🤖 AI Summary
This work addresses the challenge of balancing retrieval efficiency and accuracy in traditional Retrieval-Augmented Generation (RAG) systems when operating over large-scale databases. To this end, the authors propose a progressive hierarchical retrieval algorithm that refines the candidate document set through a multi-stage search process, advancing from low-dimensional to high-dimensional embeddings. The method innovatively incorporates a dimensionality-increasing progressive strategy, integrating hierarchical embedding representations with similarity-driven candidate filtering. This approach achieves substantial gains in retrieval speed while preserving high accuracy. Experimental results demonstrate that the proposed framework significantly enhances both the scalability and overall performance of RAG systems.
📝 Abstract
Retrieval Augmented Generation (RAG) is a promising technique for mitigating two key limitations of large language models (LLMs): outdated information and hallucinations.

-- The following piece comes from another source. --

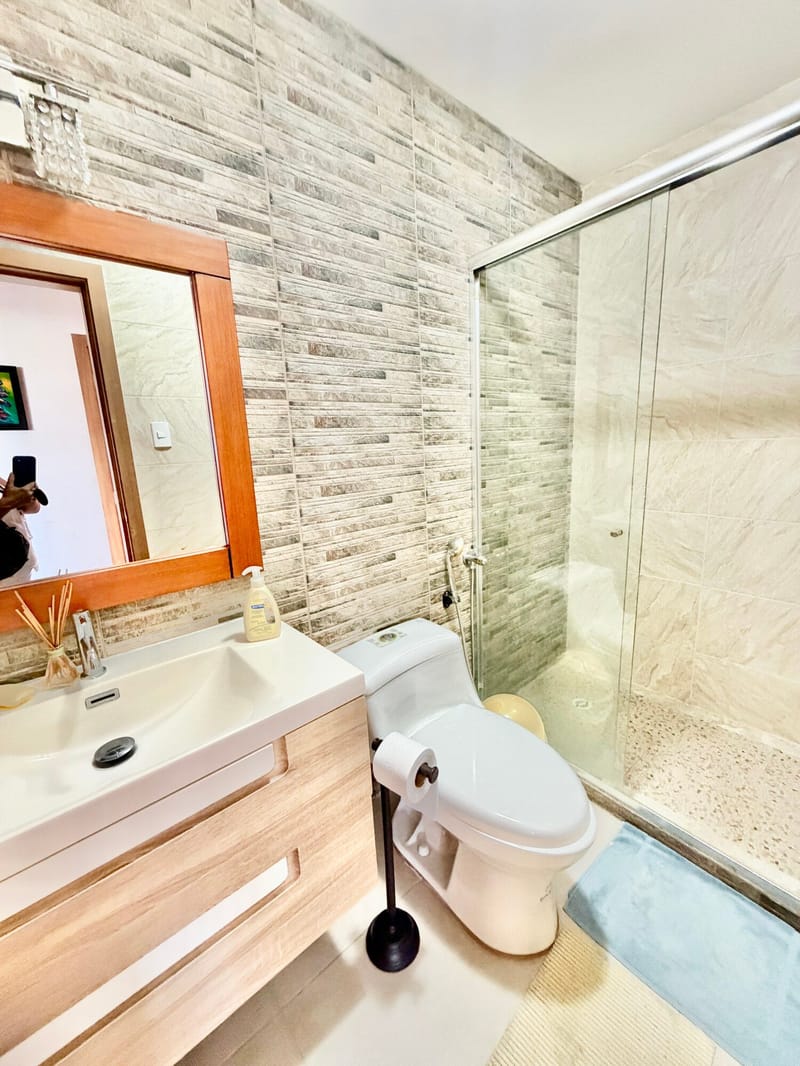 FOR SALE: RENOVATED OCEANFRONT APARTMENT IN SAN LORENZO SALINAS 🔥$220,000🔥 — photo 21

RAG system stores documents as embedding vectors in a database. Given a query, search is executed to find the most related documents. Then, the topmost matching documents are inserted into LLMs'prompt to generate a response. Efficient and accurate searching is critical for RAG to get relevant information. We propose a cost-effective searching algorithm for retrieval process. Our progressive searching algorithm incrementally refines the candidate set through a hierarchy of searches, starting from low-dimensional embeddings and progressing into a higher, target-dimensionality. This multi-stage approach reduces retrieval time while preserving the desired accuracy. Our findings demonstrate that progressive search in RAG systems achieves a balance between dimensionality, speed, and accuracy, enabling scalable and high-performance retrieval even for large databases.